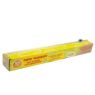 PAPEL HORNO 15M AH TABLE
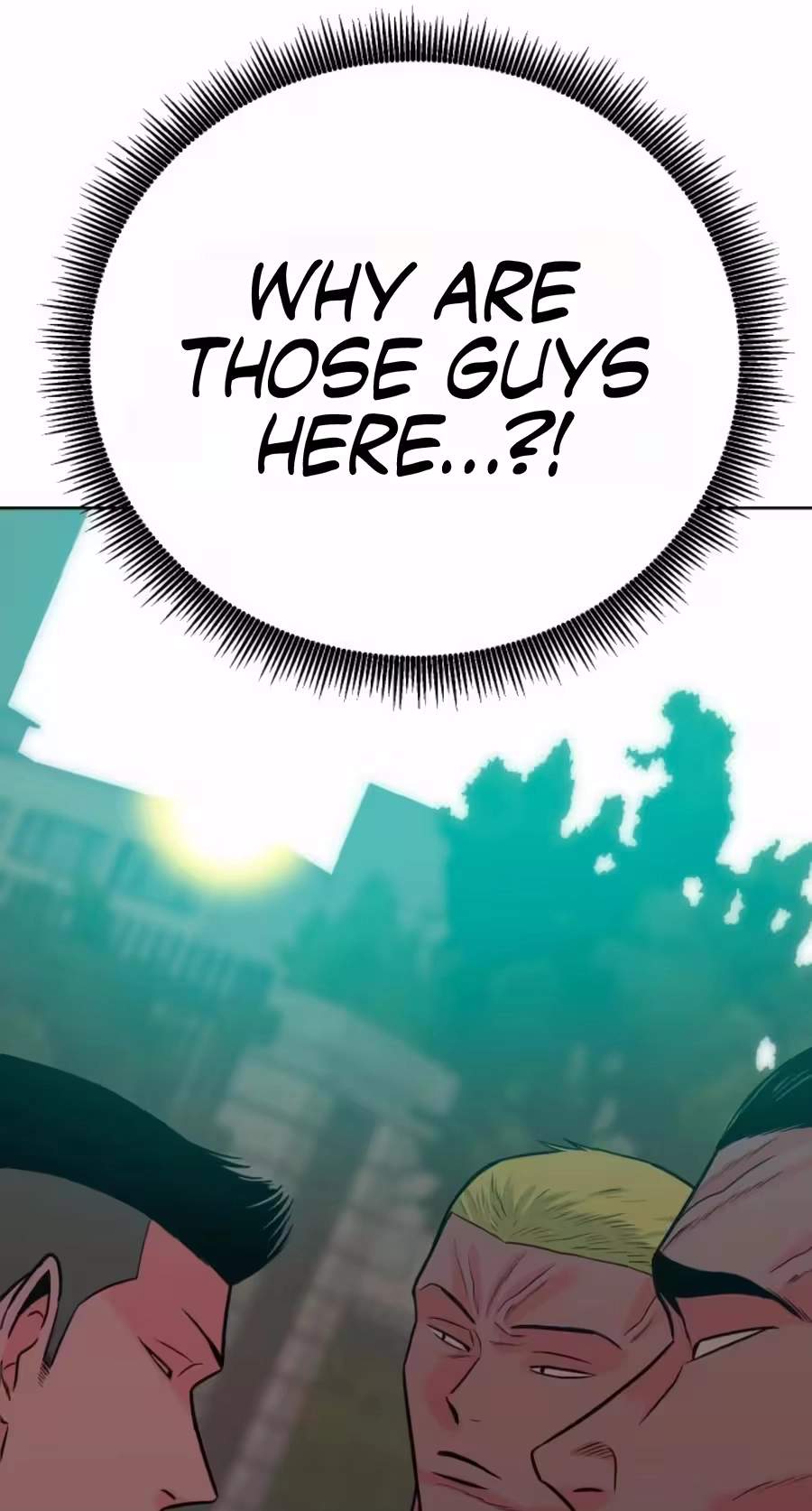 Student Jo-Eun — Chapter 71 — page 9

━━━

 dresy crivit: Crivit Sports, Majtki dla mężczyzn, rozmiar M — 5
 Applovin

━━━

--- Directions ---
Set down again, word for word, every line from the one with "PAPEL HORNO 15M AH TABLE" to the one with "Student Jo-Eun — Chapter 71 — page 9" in the entries above, and omit the pictures.

--- Exercise output ---
 PAPEL HORNO 15M AH TABLE
 Student Jo-Eun — Chapter 71 — page 9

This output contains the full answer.